Note: If you evict a node from the cluster at any time, and have to completely reinstall a cluster node from the beginning, you will likely need to repeat steps 10 through 12 on the node if you add it back to the cluster. The procedure described here is generic in nature, and may be adaptable to various applications. If you are uncertain how to configure a service in the cluster, contact the application software vendor for more information.

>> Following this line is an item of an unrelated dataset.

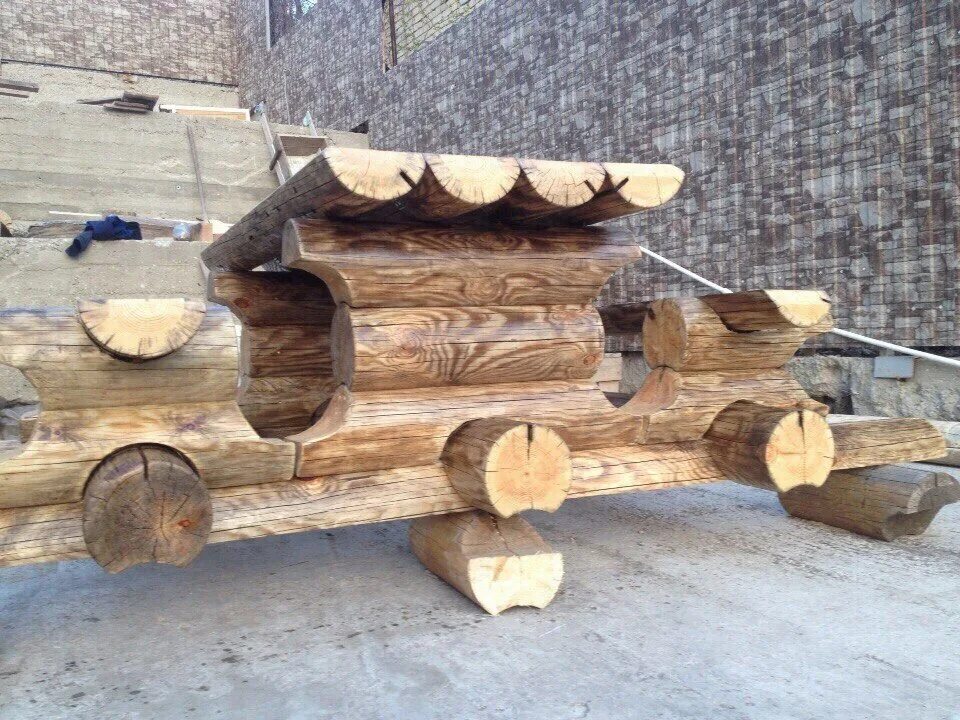 Поделки из бревна фото Стол из бревна без гвоздей - Дом Мебели.ру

Applications follow a similar procedure, except that you must substitute the generic application resource type for the generic service resource type used in the above procedure. If you have a simple application that is already installed on both systems, then you may adapt the following steps to the procedure previously described:

Create a generic application resource in a group. For this example, we will make Notepad.exe a highly available application.
For the command line, specify c:\WinNT\System32\Notepad.exe (or different directory, depending on your Windows NT installation directory). The path must be the same on both cluster nodes. Be sure to specify the working directory as needed and click to select the Allow application to interact with the desktop option, so that Notepad.exe isn't put in the background
Skip the Registry Replication tab, because Notepad.exe does not have registry keys requiring replication
Bring the resource online and notice that it appears on the desktop. Choose Move Group, and the application should appear on the other node's desktop.

Some cluster-aware applications may not require this type of setup and they may have setup wizards to create necessary cluster resources.

Deleting Resources

Some resources may be difficult to delete if any cluster nodes are offline. For example, you may be able to delete an IP address resource if only one cluster node is online. However, if you try to delete a physical disk resource while in this condition, an error message dialog box may appear similar to the following:

Physical disk resources affect the disk configuration on each node in the cluster and must be dealt with accordingly on each system at the same time. Therefore, all cluster nodes must be online to remove this type of resource from the cluster.

If you attempt to remove a resource on which other resources depend, a dialog box listing the related resources will be displayed. These resources will also be deleted, as they are linked by dependency to the individual resource chosen for removal. To avoid removal of these resources, first change or remove the configured dependencies.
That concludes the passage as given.